The proposed tactic for the next consent order, called "a campaign approach," would define the scope of work from start to finish for a specific area or priority, like groundwater, and would allow for public input on prioritizing projects and proposed remedies, with the state making the final call.

"From the DOE's perspective, it all has to get done," Hintze said.

"My biggest fear is that through this revised consent order, the NMED is basically giving up on being in the driver's seat," Jay Coghlan, executive director of Nuclear Watch New Mexico, said during Thursday's meeting. Annual planning should be in the state's hands, he said. "I want you all dictating that. Not the DOE saying, 'This is what we think we can do.'"

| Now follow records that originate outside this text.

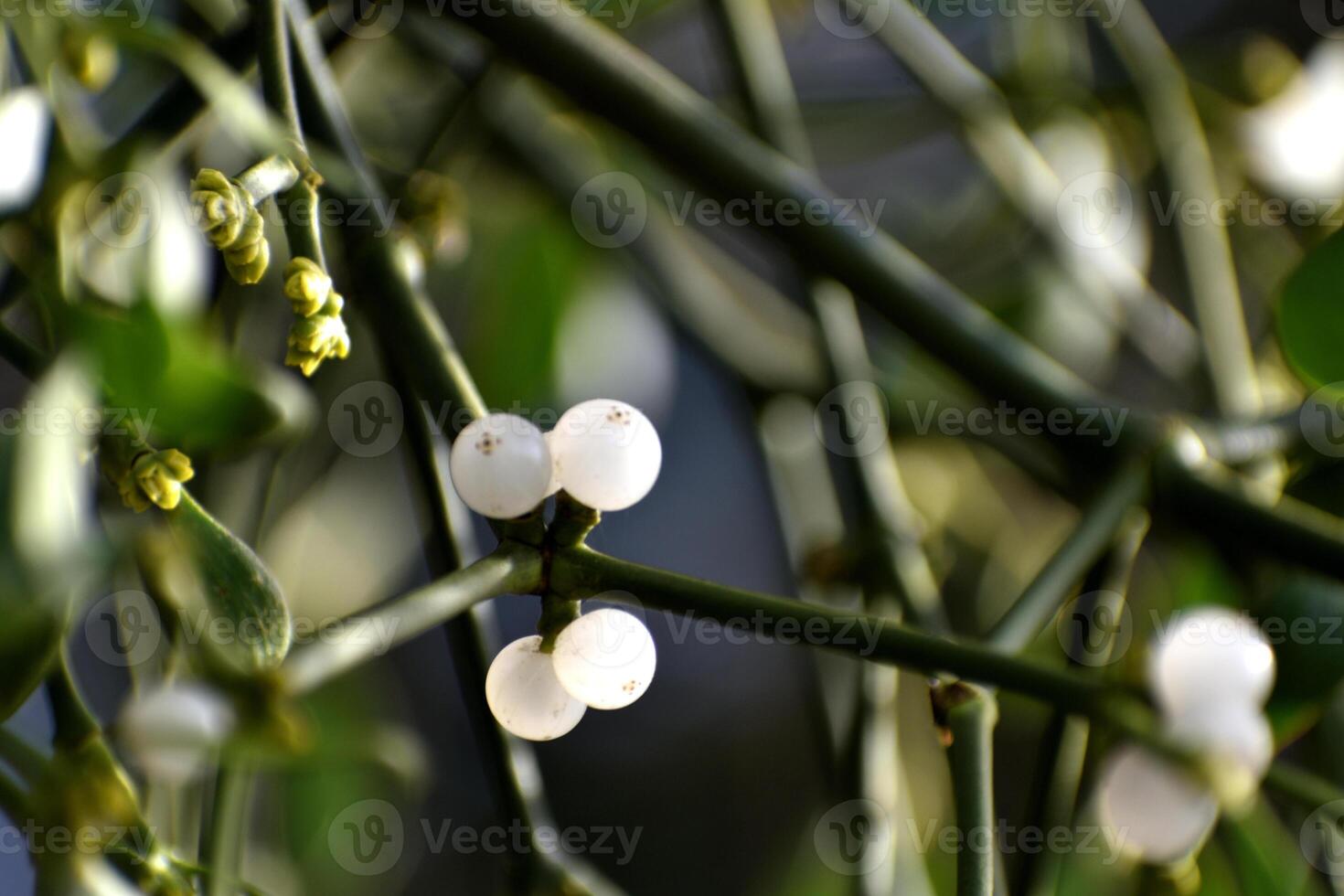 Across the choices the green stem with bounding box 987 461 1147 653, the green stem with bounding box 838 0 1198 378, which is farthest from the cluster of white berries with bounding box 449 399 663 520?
the green stem with bounding box 838 0 1198 378


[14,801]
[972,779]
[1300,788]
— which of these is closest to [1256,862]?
[1300,788]

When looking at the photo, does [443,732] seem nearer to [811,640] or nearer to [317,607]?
[317,607]

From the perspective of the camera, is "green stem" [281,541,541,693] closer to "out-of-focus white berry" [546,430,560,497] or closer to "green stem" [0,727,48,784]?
"out-of-focus white berry" [546,430,560,497]

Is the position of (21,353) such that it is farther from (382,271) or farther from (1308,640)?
(1308,640)

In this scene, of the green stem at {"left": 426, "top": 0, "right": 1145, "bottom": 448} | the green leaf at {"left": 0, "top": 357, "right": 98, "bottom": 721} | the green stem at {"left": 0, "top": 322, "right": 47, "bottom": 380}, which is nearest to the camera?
the green leaf at {"left": 0, "top": 357, "right": 98, "bottom": 721}

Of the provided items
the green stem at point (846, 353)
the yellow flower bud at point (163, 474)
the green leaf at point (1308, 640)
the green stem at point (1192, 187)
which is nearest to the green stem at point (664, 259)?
the green stem at point (846, 353)

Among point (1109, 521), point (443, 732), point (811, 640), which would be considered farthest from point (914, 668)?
point (443, 732)

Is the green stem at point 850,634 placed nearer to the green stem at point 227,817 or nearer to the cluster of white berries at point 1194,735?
the cluster of white berries at point 1194,735
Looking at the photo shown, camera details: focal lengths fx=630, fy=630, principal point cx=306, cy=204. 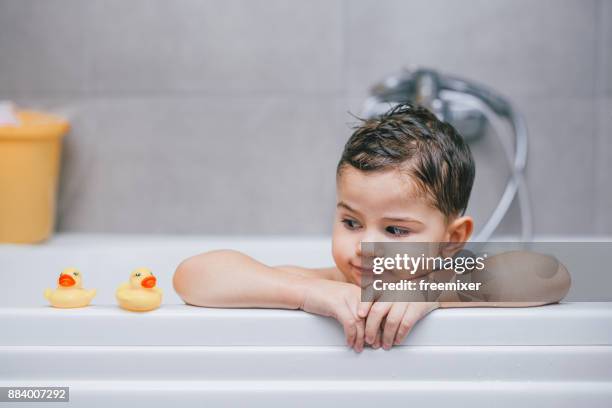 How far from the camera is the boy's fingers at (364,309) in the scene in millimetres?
687

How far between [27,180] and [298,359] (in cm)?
96

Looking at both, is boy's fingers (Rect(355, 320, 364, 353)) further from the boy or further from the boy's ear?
the boy's ear

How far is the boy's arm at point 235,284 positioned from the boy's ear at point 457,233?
0.81 feet

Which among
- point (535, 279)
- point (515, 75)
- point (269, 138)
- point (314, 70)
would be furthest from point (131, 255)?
point (515, 75)

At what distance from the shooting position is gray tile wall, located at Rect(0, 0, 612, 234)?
1.54 meters

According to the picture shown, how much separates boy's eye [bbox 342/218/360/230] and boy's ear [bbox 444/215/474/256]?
13cm

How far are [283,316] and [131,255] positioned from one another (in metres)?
0.75

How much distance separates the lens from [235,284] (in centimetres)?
76

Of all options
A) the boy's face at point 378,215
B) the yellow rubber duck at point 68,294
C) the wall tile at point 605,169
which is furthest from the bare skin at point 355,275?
the wall tile at point 605,169

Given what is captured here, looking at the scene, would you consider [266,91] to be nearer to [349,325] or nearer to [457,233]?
[457,233]

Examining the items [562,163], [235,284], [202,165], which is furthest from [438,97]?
[235,284]

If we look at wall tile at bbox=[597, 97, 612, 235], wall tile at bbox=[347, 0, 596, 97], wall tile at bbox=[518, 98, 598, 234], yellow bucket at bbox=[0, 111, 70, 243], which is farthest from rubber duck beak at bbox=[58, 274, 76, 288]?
wall tile at bbox=[597, 97, 612, 235]

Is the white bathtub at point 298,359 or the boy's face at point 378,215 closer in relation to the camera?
the white bathtub at point 298,359

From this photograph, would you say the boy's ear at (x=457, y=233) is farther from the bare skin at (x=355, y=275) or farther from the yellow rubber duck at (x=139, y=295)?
the yellow rubber duck at (x=139, y=295) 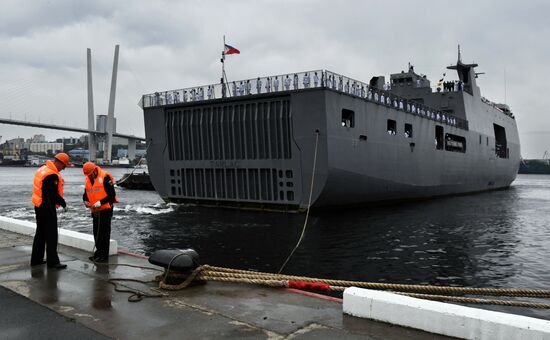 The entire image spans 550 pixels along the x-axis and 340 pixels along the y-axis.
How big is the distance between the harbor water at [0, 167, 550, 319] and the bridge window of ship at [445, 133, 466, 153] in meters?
8.09

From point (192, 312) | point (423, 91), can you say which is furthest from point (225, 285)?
point (423, 91)

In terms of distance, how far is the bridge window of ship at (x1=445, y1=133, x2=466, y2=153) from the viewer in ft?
100

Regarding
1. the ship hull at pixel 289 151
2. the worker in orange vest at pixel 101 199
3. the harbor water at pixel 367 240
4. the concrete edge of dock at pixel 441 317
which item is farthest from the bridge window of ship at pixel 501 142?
the concrete edge of dock at pixel 441 317

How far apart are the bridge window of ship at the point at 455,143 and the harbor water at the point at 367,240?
318 inches

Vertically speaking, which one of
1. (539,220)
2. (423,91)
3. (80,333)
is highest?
(423,91)

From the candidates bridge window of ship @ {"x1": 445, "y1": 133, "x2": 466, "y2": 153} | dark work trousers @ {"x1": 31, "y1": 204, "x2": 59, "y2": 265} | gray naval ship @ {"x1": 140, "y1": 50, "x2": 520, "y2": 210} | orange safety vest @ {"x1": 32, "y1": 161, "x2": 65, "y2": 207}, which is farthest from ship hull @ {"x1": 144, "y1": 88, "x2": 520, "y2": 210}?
dark work trousers @ {"x1": 31, "y1": 204, "x2": 59, "y2": 265}

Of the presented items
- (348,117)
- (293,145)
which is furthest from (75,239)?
(348,117)

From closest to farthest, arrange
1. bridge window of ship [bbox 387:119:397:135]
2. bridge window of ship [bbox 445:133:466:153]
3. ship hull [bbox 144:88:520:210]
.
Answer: ship hull [bbox 144:88:520:210]
bridge window of ship [bbox 387:119:397:135]
bridge window of ship [bbox 445:133:466:153]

Coghlan pointed to the Department of Energy's presence on the Government Accountability Office's high-risk list for 25 years as justifiying the skepticism.

"The department has a record of blown schedules and blown costs," he said.

But none of the revisions will move forward until the DOE and the state environment department have settled on violations that led to a release of radioactive materials at the WIPP. The federal government pledged millions for improving roadways used to transport that waste, as well as for training, environmental studies and stormwater management at Los Alamos. The holdup now, Flynn said, is the schedule.

The WIPP may further be used as a bargaining chip. Nuclear waste sites in South Carolina and Washington are the "900-pound gorillas," Hintze said, and those places draw the bulk of the DOE's cleanup funding each year—amounts measured in the billions, rather than the millions, like for LANL. But those facilities want to send their waste to the WIPP, the nation's only long-term storage facility for soil, debris, clothing and tools that contain small amounts of radioactive elements.

Two years ago, a request to complete the 3706 campaign, which aimed to remove 3,706 cubic meters of transuranic waste that was stored aboveground at Area G, was "undermined" by the state of Washington, Flynn said. At that point, Washington's Hanford nuclear waste cleanup was facing a problem that had affected 60 of 177 underground storage tanks and was expected to spread.

"We have zero patience for Washington [state] saying they're going to send a bunch of waste to New Mexico when not only do they get the lion's share of the budget, but they also actually kill funding requests that are bound for Los Alamos and then have the audacity to suggest that we should be taking their waste," Flynn said. "As long as I'm secretary, that will not happen."

Editor's note: An earlier version of this story said 65 percent of lab money goes to new weapons projects. Not all the weapons projects are new.